Garuba asks Omotoso about the issue of ideological/political responsibility, and whether the younger generation of African writers shares the same politics of urgency which galvanised their forefathers. Addressing her fellow panellists, she says: “The new generation of writers are on your shoulders. We’re standing on the shoulders of the writers, the African writers, who have come before. You guys have trod away some rough stones and made some paths, so we don’t necessarily have to tackle the things you’ve tackled in the same manner.” Omotoso speaks with a certain optimism of youth, and catalogues her influences in writers like Teju Cole, Chris Abani and Chimamanda Adichie. “The question for me,” she says, “is the corruption of the system” and of “futures that aren’t being created”. She sees the new avenues of inquiry into Africa centring themselves on the issues of diaspora and displacement, questions of belonging.

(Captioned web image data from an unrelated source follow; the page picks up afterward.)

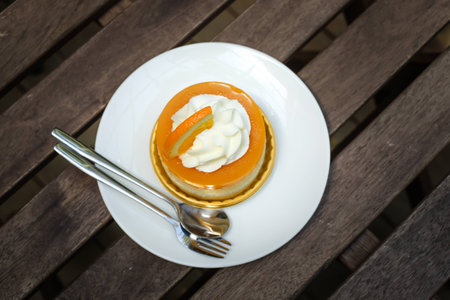 top view of orange cake with orange topping and whipped cream in white dish on wooden topの写真素材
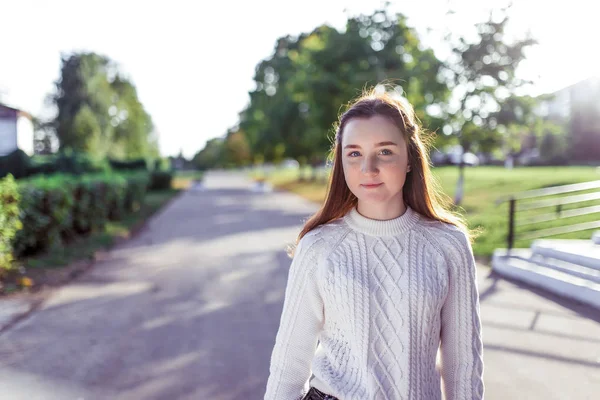 Happy smiling Girl teenager 12-15 years old, autumn day, street portrait, knitted white sweater, summer park. Resting after school. Free space for copy text, concept parenting thoughts adolescents. — ストック写真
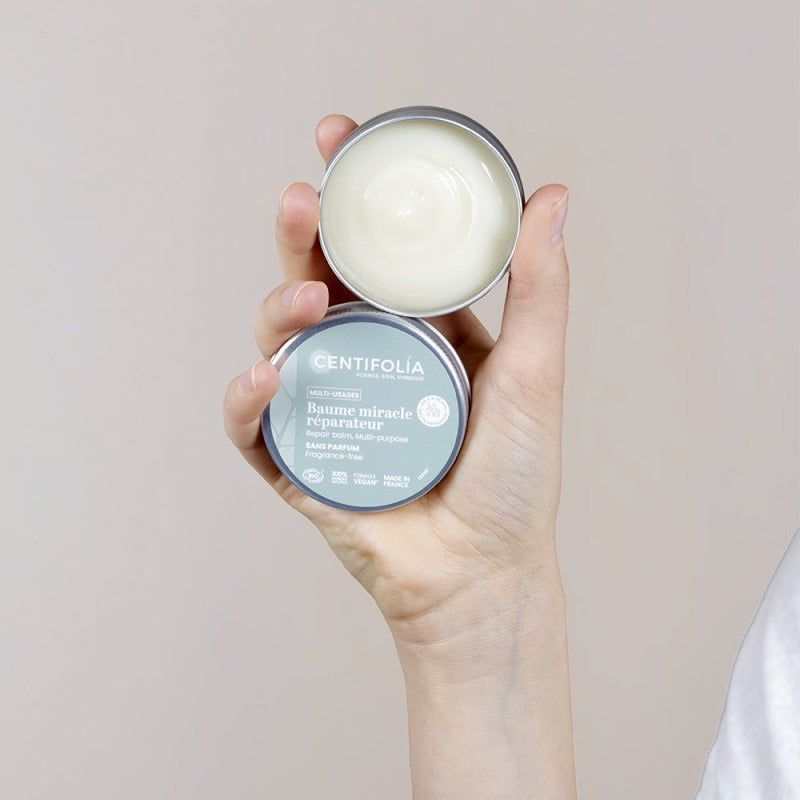 BAUME MULTI-USAGES DE MARQUE CENTIFOLIA SANS PARFUM EMBALLAGE OUVERT PRÉSENTÉ DANS UNE MAIN
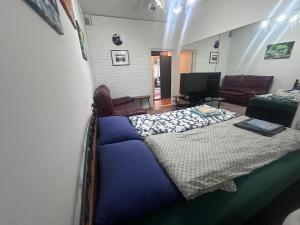 a bedroom with a large bed and a living room at dream room in Helsinki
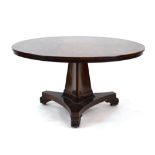 A 19th century mahogany and crossbanded circular dining table on a triangular form column,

From here the conversation leaves the aesthetic occupations of African writers and moves to the institutional level, briefly exploring notions of “blackness” and the label “African writer”. Regarding the latter, Magona says “I have no problem with being a writer – I write, I am African, I live in Africa. Where it starts to irritate me is when you go into a bookshop and your newly published book is somewhere over there” – she gestures across the room – “at the back of the bookshop. If I had the power to toyi-toyi [in South African bookstores], I would.” She says her issue is not with the “label”, but rather “what it calls up”. Ndebele extends her argument by saying that such practices as the marketing of African authors under umbrella terms are “indicative of the power relations in our society. Exclusive Books is simply expressing a culture of cultural dominance that the institution of a bookshop may not be aware of as a business. They’re simply doing it because this is what power means: the dominance of American publications, the dominance of the European. As a result, South Africa, from way back, remains a colonial enclave in the mind, trying to prove to Europe and the United States that we are up there with them. We showcase [these international books] so that when a European tourist comes into the bookshop, he says ‘Ah, this is home’. But this is not home for the rest of us.”

In sum, the conversation was engaging and varied – given that it returns to the themes that have presided over African literary theory for over five decades. It offered an insight into African texts from the perspective of its writers – an interesting complement might be to consider the ways in which non-African writers continue to fashion the continent and the experience of its people and diaspora, often knowing next to nothing about the content of that experience. With regard to narrating another, all writers agree that such imaginative acts are fine, provided the scripter is “respectful” in his/her representation.